Nadie está obligado a hacer lo que no sabe, pero derivar si es algo que todos
podemos hacer. Aun cuando uno no puede tratar la situación porque no está en
condiciones de algún tipo para hacerlo (desde limitaciones técnicas, hasta de
conocimiento o, en este caso particular, de objeción de conciencia), su
accionar está regido por un compromiso con esa persona, establecido por códigos
deontológicos, por la llamada vocación de servicio, por el mentado juramento
hipocrático o simplemente porque la ley nos obliga a eso. Un médico, por
ejemplo, tiene esa posibilidad cierta de saber que su palabra, cuando acoge a
alguien en situación de “detresse”
(el francés tiene esa palabra tan intensa, que es más que sufrimiento) es una
encrucijada que genera una situación que nos excede por lejos. No siempre
sabemos manejar esas situaciones, pero sabemos reconocerla en ocasiones.
Anunciar
a los cuatro vientos, con supuesto orgullo, a las pacientes reales o
potenciales, que estén cursando una situación difícil (personas que hasta
pueden no saber lo que es correcto o no sino que viven ese evento con
desesperación), que con ese profesional de la salud no pueden contar, no es ni
ético, ni moral, ni profesional. No implica que tengan que hacer frente a eso a
pesar de sus convicciones. Sino que anunciar que no están para ellas es un
ultraje grosero al juramento que se empeñan en utilizar como argumentación.
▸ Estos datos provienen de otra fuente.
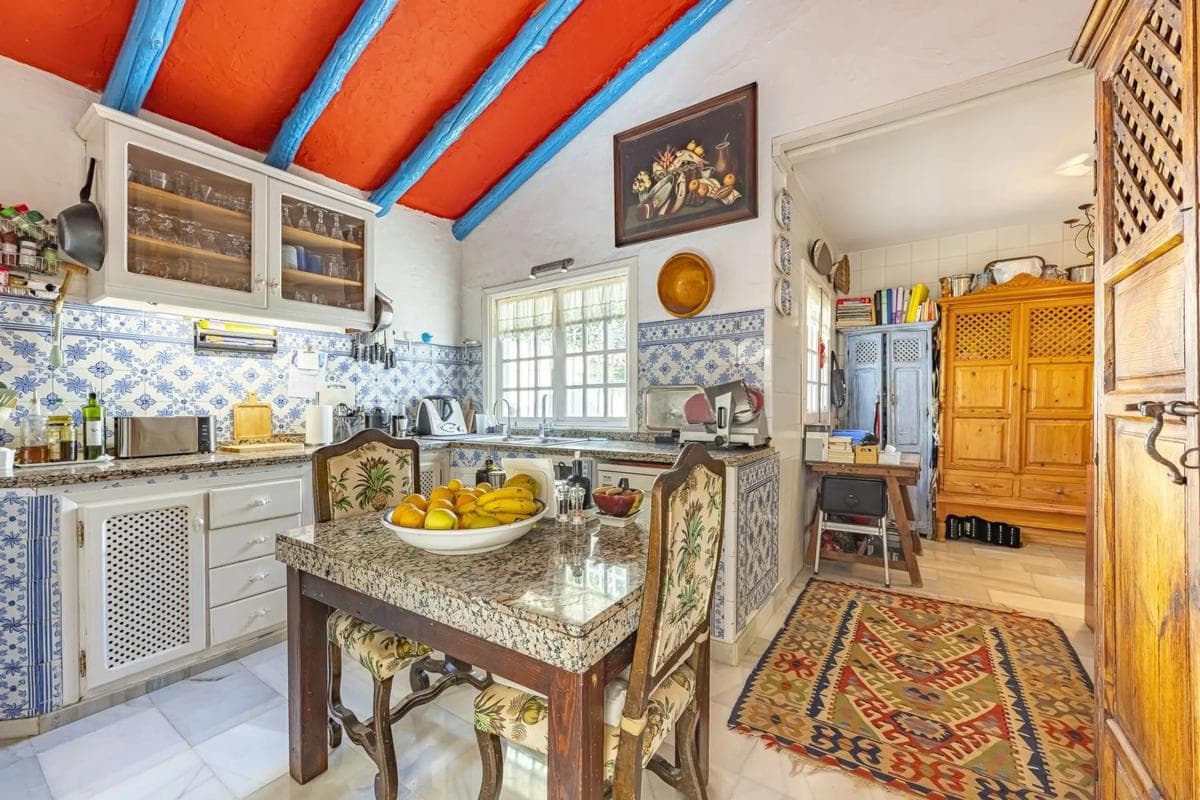Sprzedaż niezależnego domku jednorodzinnego w Barrio La Carolina-Guadalpín, Marbella photo 4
Efectivamente,
esas personas tan convencidas de su credo anuncian que no son capaces de acoger
a la paciente, darle confort, solidaridad y, hasta, opciones sanitarias o
sociales mejores que las que tiene.
Esos
médicos, que anunciaron “conmigo no cuenten”, han vejado con ese anuncio su
famoso juramento, que no es por apolo, sino por quienes crean. Aún peor, me
parece, es qué los comités de ética y sus señoriales miembros, qué el sistema
de salud que apoya a los “humildes”, que las instituciones que se tomaron la
exagerada atribución de hablar en representación de todos sus miembros, que
ninguno de ellos no les llame la atención y les diga, mantengan su convicción
sobre las “dos vidas”, eso no discutimos es más, en ocasiones, lo apoyamos,
pero no cometan el error de anunciar que van a escabullir la responsabilidad
que les cabe como médicos: recibir al que sufre y ofrecerles el famoso, no
curar, sino consolar siempre.
La
ética real, la que interesa, la que sirve, la que nos hace falta, no es la de
las majestuosas cosas irreales, sino la que hace que hagamos frente a estas situaciones.
¿Dónde están, ahora, cuando es imprescindible, esas voces que no sostienen otra
cosa que una verdad: ayudar al otro no es opcional, no es algo que podemos
dejar de lado porque el deber nos llama nos incomoda?
Ser
sensatos no implica defender lo contrario a nuestras convicciones pero allí es
donde deberíamos revisar las convicciones que rigen nuestro andar: porque la
incoherencia con nosotros mismos es una de las plagas que vemos en quienes, se
supone, son más eruditos y eso debería ser celosamente protegido y denunciado.